──────── STORED DATA
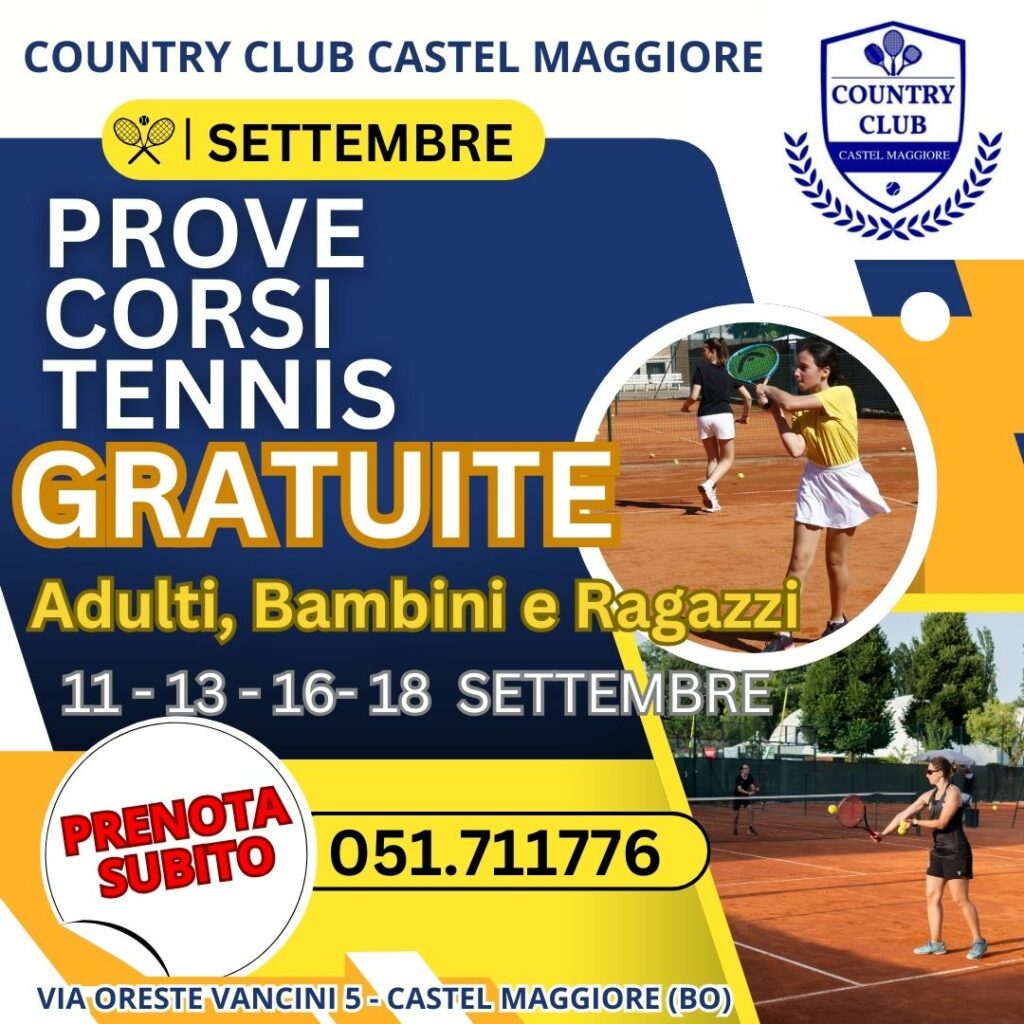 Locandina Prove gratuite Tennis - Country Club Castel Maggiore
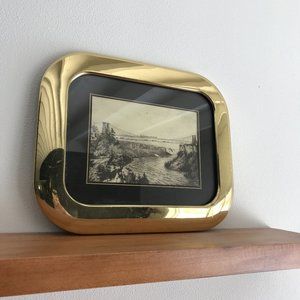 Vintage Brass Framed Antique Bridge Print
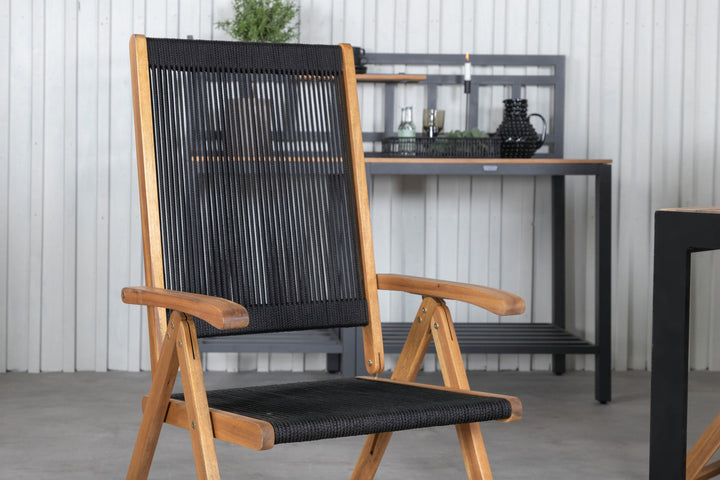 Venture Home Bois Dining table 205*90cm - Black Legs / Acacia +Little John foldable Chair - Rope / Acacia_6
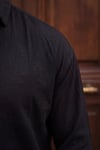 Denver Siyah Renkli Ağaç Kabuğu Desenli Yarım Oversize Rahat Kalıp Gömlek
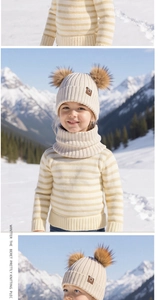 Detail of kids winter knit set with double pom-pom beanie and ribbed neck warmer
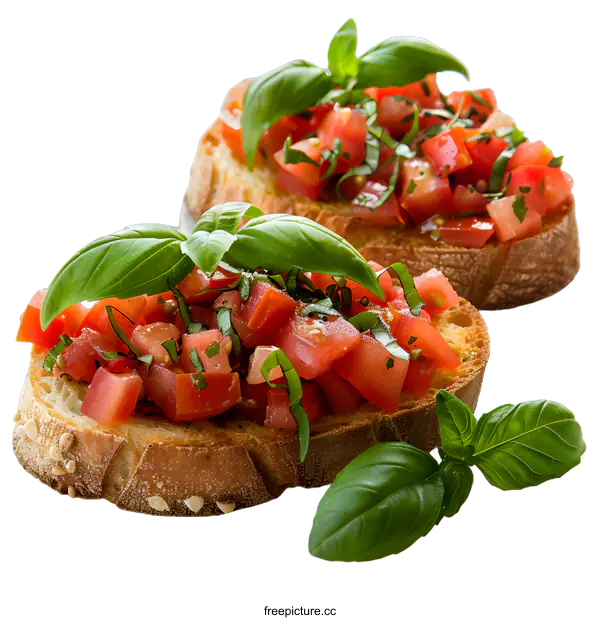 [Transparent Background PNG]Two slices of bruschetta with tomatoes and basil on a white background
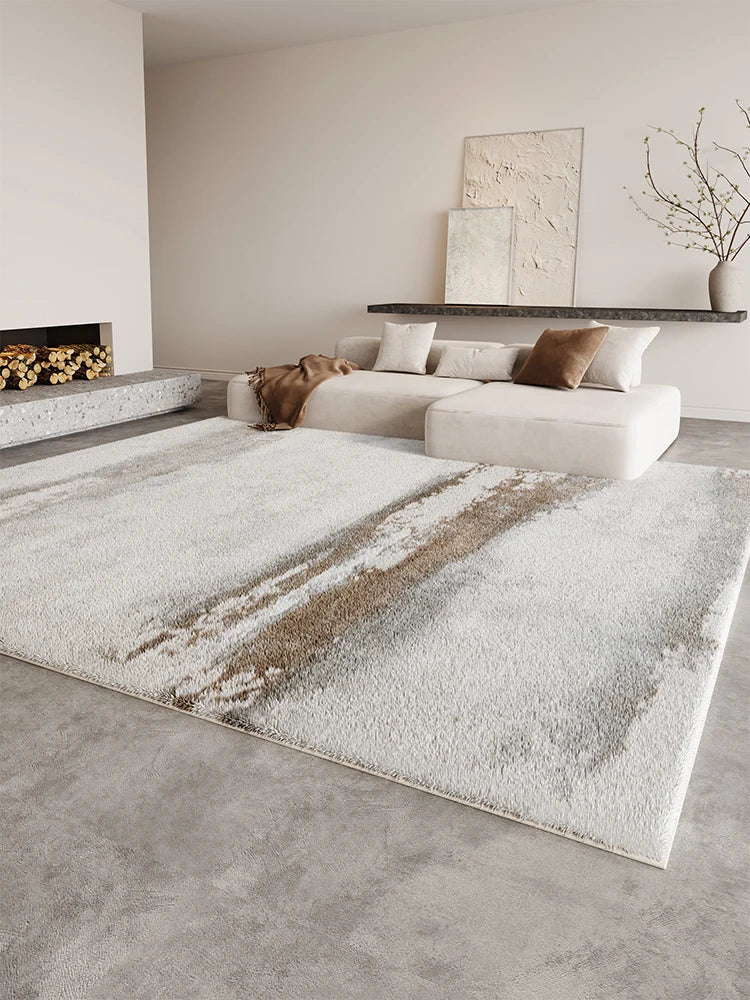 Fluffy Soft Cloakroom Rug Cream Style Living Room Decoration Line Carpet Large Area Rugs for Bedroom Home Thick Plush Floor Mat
────────────────
──────── STORED DATA
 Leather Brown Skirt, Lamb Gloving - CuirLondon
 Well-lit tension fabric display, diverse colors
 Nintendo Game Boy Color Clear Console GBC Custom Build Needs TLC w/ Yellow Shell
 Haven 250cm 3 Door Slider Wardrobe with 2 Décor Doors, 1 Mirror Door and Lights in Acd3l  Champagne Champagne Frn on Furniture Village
────────────────
> _TASK REQUIREMENTS_
Copy out exactly the material that runs from the line with "Locandina Prove gratuite" to the line with "Detail of kids", ends included, and leave the pictures behind.

> _SOLUTION FOR THIS EXERCISE_
 Locandina Prove gratuite Tennis - Country Club Castel Maggiore
 Vintage Brass Framed Antique Bridge Print
 Venture Home Bois Dining table 205*90cm - Black Legs / Acacia +Little John foldable Chair - Rope / Acacia_6
 Denver Siyah Renkli Ağaç Kabuğu Desenli Yarım Oversize Rahat Kalıp Gömlek
 Detail of kids winter knit set with double pom-pom beanie and ribbed neck warmer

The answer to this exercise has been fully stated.